子供イメージ

0〜2歳の非認知能力は、教えるより往復です。受験期にも効く土台の作り方

0〜2歳の入口は、教えるより、親子の往復を守ることです。

0〜2歳の非認知能力は、何かを早くできるようにする話ではありません。忙しい日でもゼロになりにくい往復を残す話です。短い合図と返事が積み重なると、気持ちが揺れても戻れる感覚が育ちやすくなります。

非認知能力は我慢の訓練ではありません。安心できる相手がいて、揺れても戻れる道が短いことが土台になります。受験を意識する家庭でも、いまは焦るより、生活の中で戻る回数を増やすほうが後に効いてきます。

迷いが減る考え方は、合図の往復を置くことです。

0〜2歳は、説明を理解して動くより先に、出来事と気持ちの結び付きが育ちます。だから、家で必ず起きる場面に、短い合図の往復を置きます。抱っこの前。手を拭く前。寝る前。合図が固定されるほど、親の上手さより、繰り返しの回数が強みになります。

合図は難しくなくて大丈夫です。言葉でも、手の動きでも、表情でもよいです。大切なのは、いつも同じ形で始まり、同じ形で終わることです。見通しが残ると、泣きや怒りが出ても戻りやすくなります。

たとえば抱っこの前なら、抱っこするよと言って手を出します。子どもが手を伸ばす。親が抱き上げる。抱き上げたら落ち着いたねと言って終えます。短い往復が、場面の始まりと終わりを教えてくれます。

忙しい日は、場面を減らして往復を守ります。

忙しい日は、丁寧な遊びができない日もあります。そこを責めないほうが続きます。代わりに、往復のある場面だけ守ります。おむつ替え。手を拭く。食事の前後。寝る前。生活の中にすでにある場面なら、負担が増えにくいです。

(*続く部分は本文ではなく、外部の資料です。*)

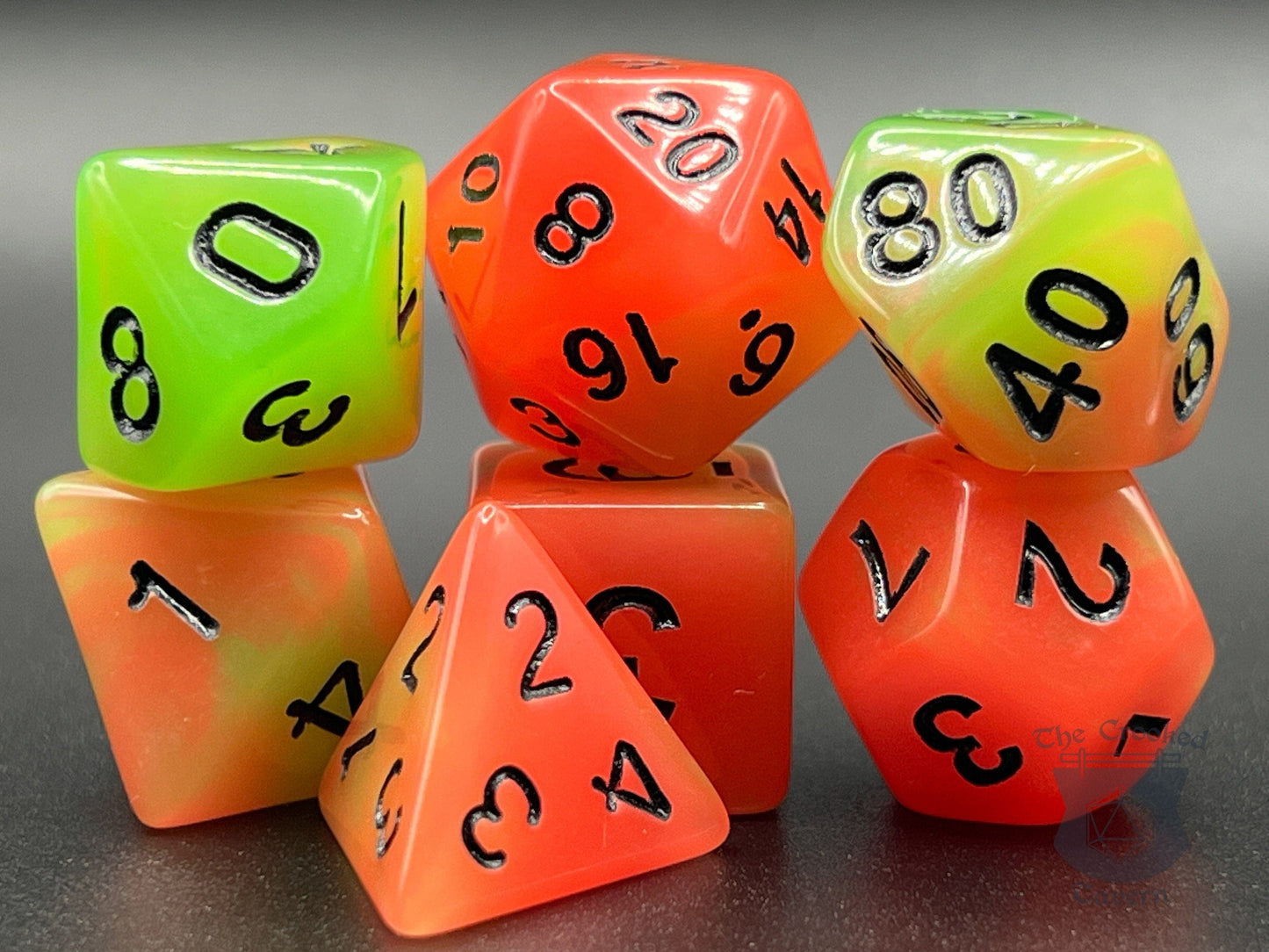 The Crooked Tavern Dice Sets Glow in the Dark RPG Dice Set | Red Green Polyhedral RPG Dice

おむつ替えの前に、替えるよと言ってから始めます。終わったらすっきりしたねと言って抱きしめます。手を拭く前に、ふきふきするよと言ってから触れます。終わったらきれいになったねと言って笑います。こういう小さな往復が、0〜2歳の土台になります。

顔が見える返事があると、落ち着きが育ちやすくなります。

何かを見せるだけ、聞かせるだけだと、刺激は通り過ぎやすいです。反対に、目が合う。うなずく。手を出す。抱っこで落ち着く。こうした反応が入ると、子どもは安心しやすくなります。

安心があると、探索が増えます。探索が増えると、失敗も増えます。転ぶ。届かない。うまくいかない。そこで泣いても、抱っこで落ち着ける。落ち着いたらもう1回やってみる。戻れる経験が増えるほど、非認知能力の芯が育ちやすくなります。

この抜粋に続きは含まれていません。